Packetshapers or Stealheads?
Stay with Bluecoat if you have a lot of enterprise WEB apps and if you need QoS a lot.Bluecoat and Packeteer are the strongest respectively on these two functions.
Riverbed's WAFS and CIFS are very strong so use these boxes on your backup links to squeez more juice out of the pipes. Delta compression is the key here. I think you have the best combination in the shop here. Don't change it and keep both vendor's reps entertaining you so your company benefits the most in the situation and hence better service.
By the way, RVBD is down to market cap $1.12B just now, and BCSI at $553M. If M&A is talked about, I see latter has higher chance.
The Next Big Thing
I think not.
Look at how many players are there now in the WAN OP market space. With the Gartner forecasted $900M total WW revenue by 2009, how big can this be? Why most WAN Op stocks keep sliding?
My take on the next big thing should be OUTSIDE of the enterprise arena and into the SMB, SOHO, consumer, public Internet, mobile WiFi, WiMAX, and 3G Optimization. Put this in perspective, how are you going to accelerate after you get hom and start going onto the Internet from home on your ADSL? How are you going to go faster on your iPhone 3G? How can you download pictures at 12Mbps inside a car running at 80m/h?

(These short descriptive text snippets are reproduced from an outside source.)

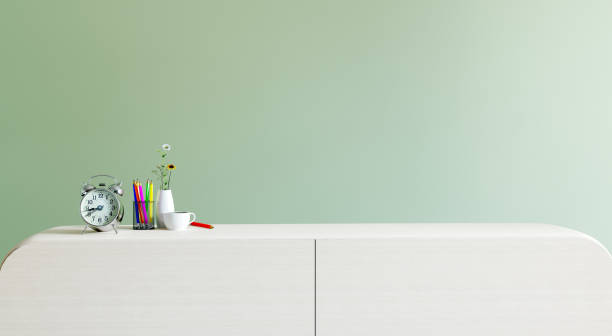 istock working clean room with copy space mock up for text and your element, 3d illustration rendering 1463833158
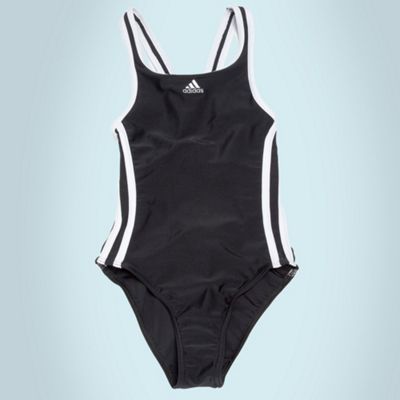 adidas Girls black one piece swimsuit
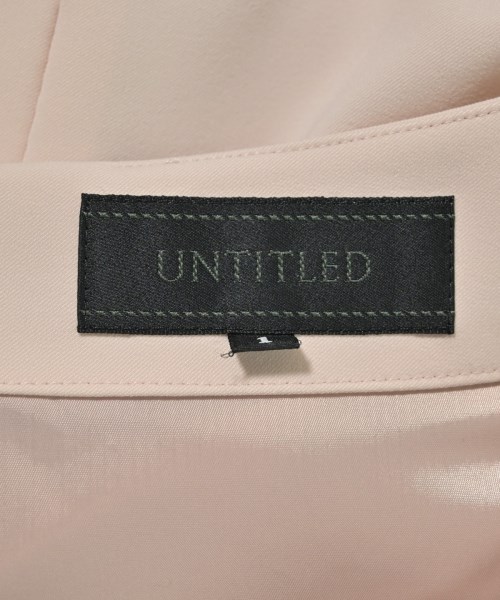 UNTITLED（アンタイトル）ワンピース ピンク サイズ:1(S位) レディース/2200660600130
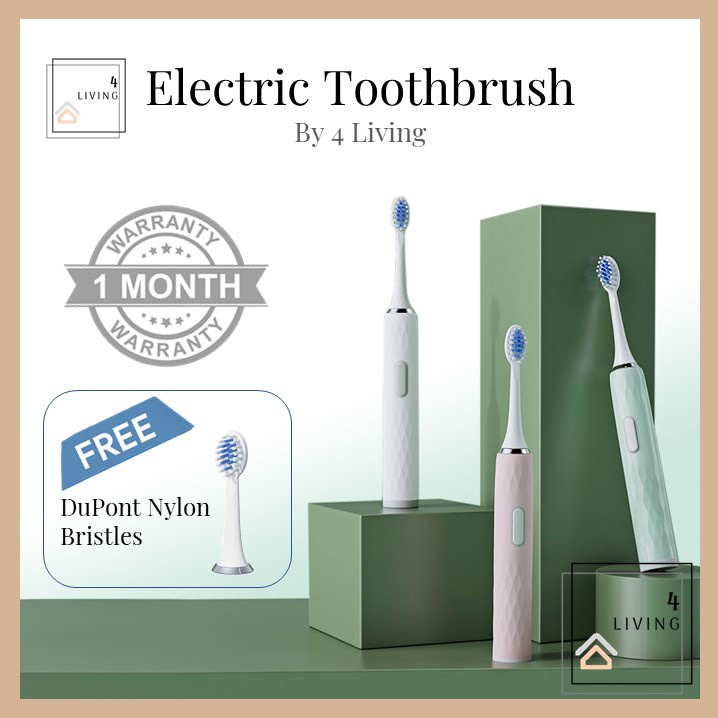 READY STOCK Ultrasonic Electric Toothbrush Waterproof Smart Rechargeable Berus Gigi Electrik 电动牙刷 Electronic toothbrush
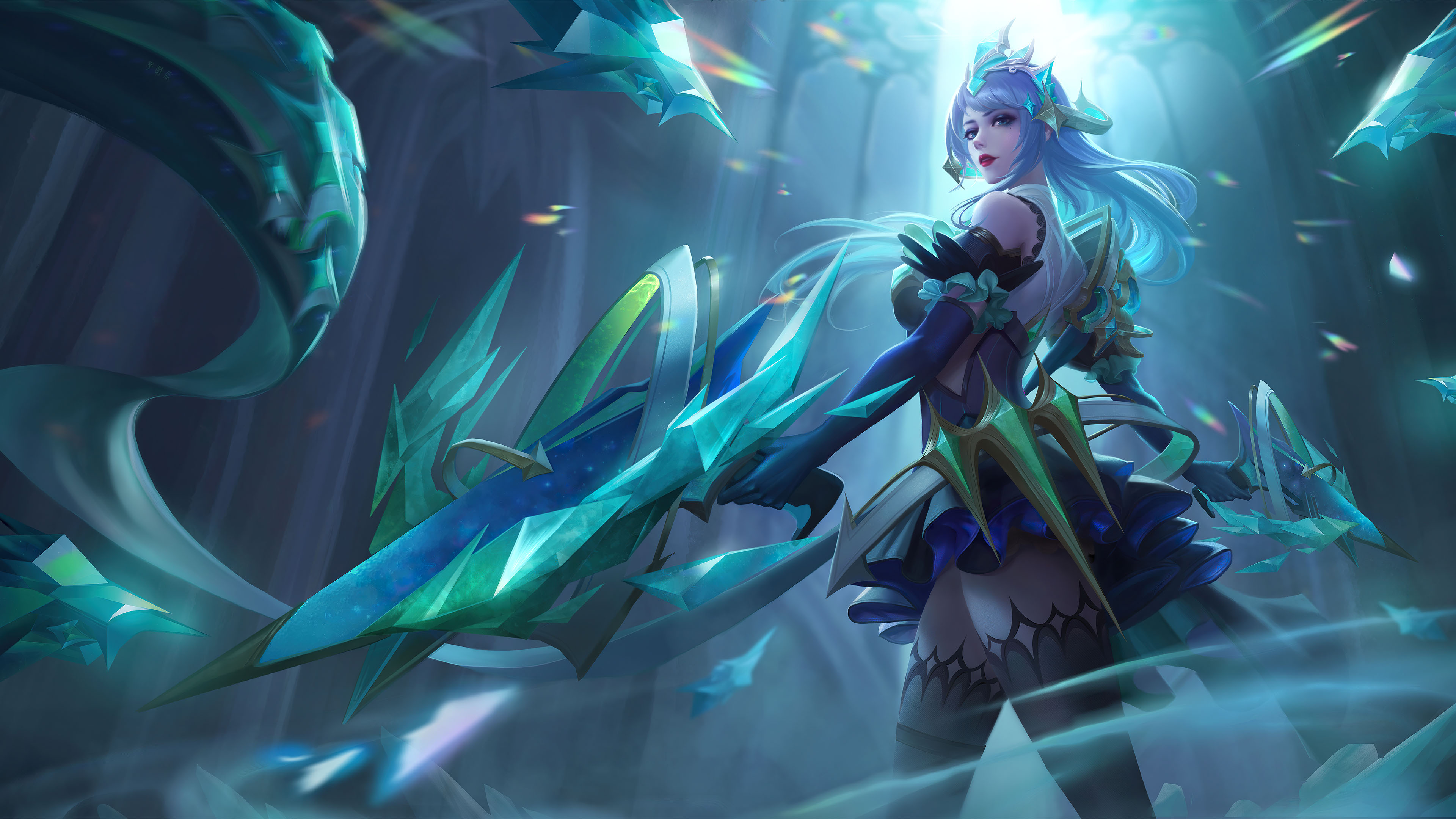 王者荣耀,冰枪,魔法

Continued investment post M&A
The intention and will to continue investment is one thing, synergy and outcome are another.
Let's read some history right inside the relevent space here. After Workfire acquisition by PKTR, where is the product today? How much revenue contribution by Mentat and Tacit to PKTR revenue after their acquisitions? When an M&A occures it is not only the will of management that counts, but technologies integration, OS compatibility, culture differences, hardware platforms, customer and channel loyalties all fall into play. The ultimate result is not the sum of these variables but the product of them all, in my opinion, and by observations.
The uttimate "point solution"
WanOp has always been emerging, it just never gets there. Anyone remember the "Time Machine". Build an industry around band-aids for bad protocols? How exactly do you prove these devices aren't corrupting your data in transit?
The industry needs to demand that vendors stop foisting off solutions that use LAN protocols over a WAN. CIFS (really SMB) over a WAN - the definition of a stupid idea. Have you ever send a packet level trace of this protocol? It takes a gazillion end-to-end transfers just to find out what's in a directory. Talk about adding complexity to make something fundamentally ill suited for the purpose work (sort of).